[DATA BELOW — start]

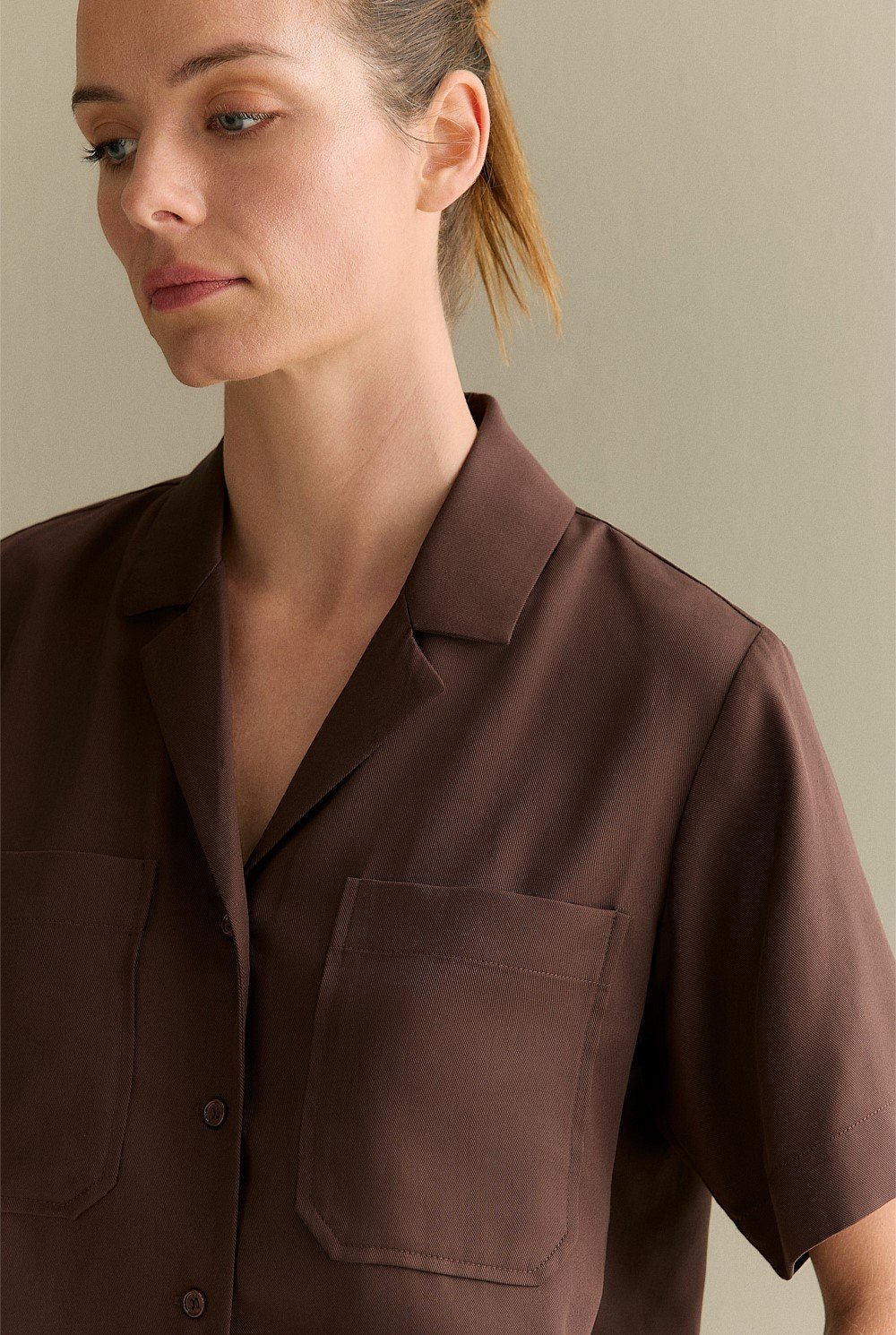 Tencel Pocket Detail Camp Shirt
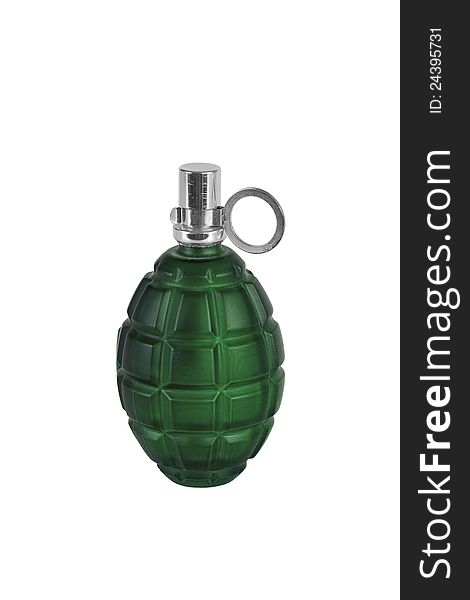 Model grenades in a bottle on a white background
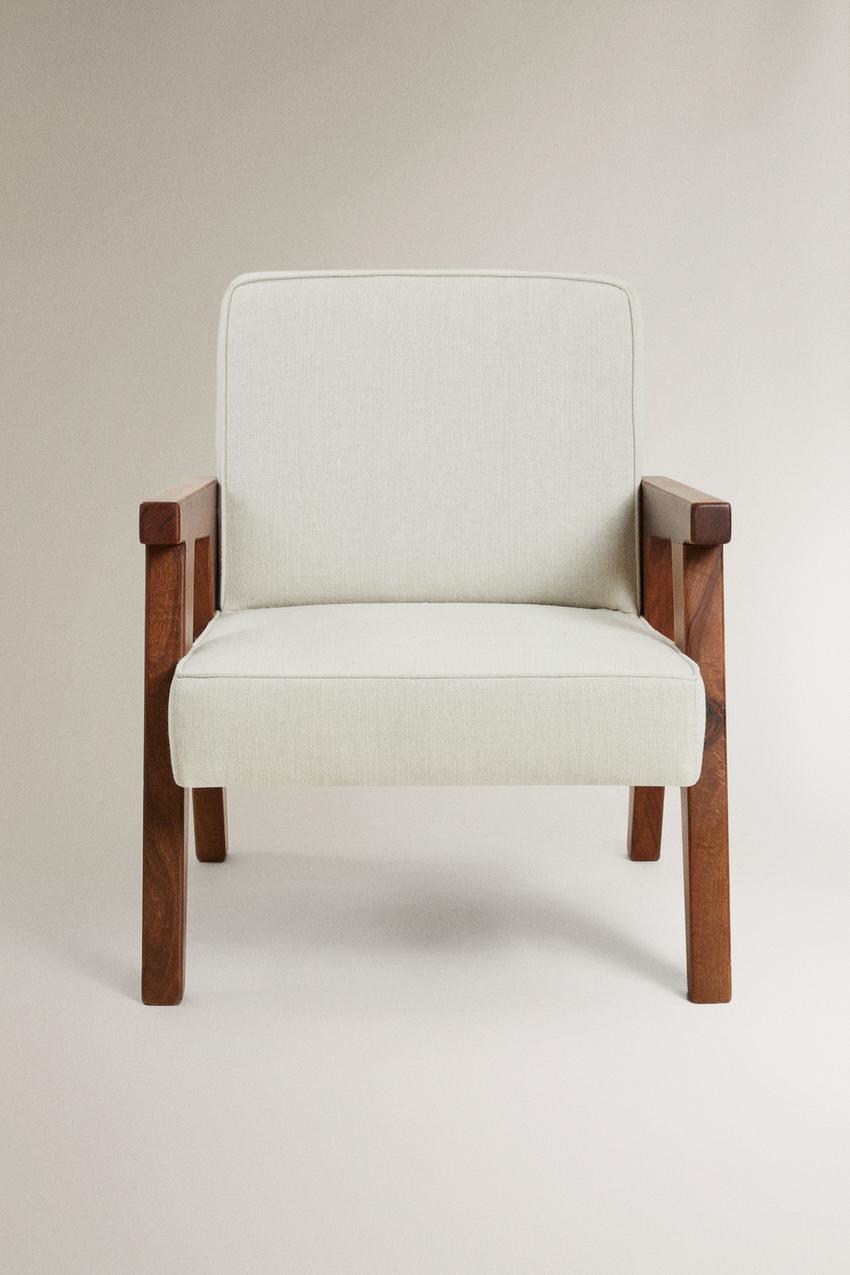 WALNUT UPHOLSTERED ACCENT CHAIR ZARA HOME BY BLASCO - Ecru | ZARA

[DATA BELOW — finish]

Without including a single picture, restate all of the data word for word.

 Tencel Pocket Detail Camp Shirt
 Model grenades in a bottle on a white background
 WALNUT UPHOLSTERED ACCENT CHAIR ZARA HOME BY BLASCO - Ecru | ZARA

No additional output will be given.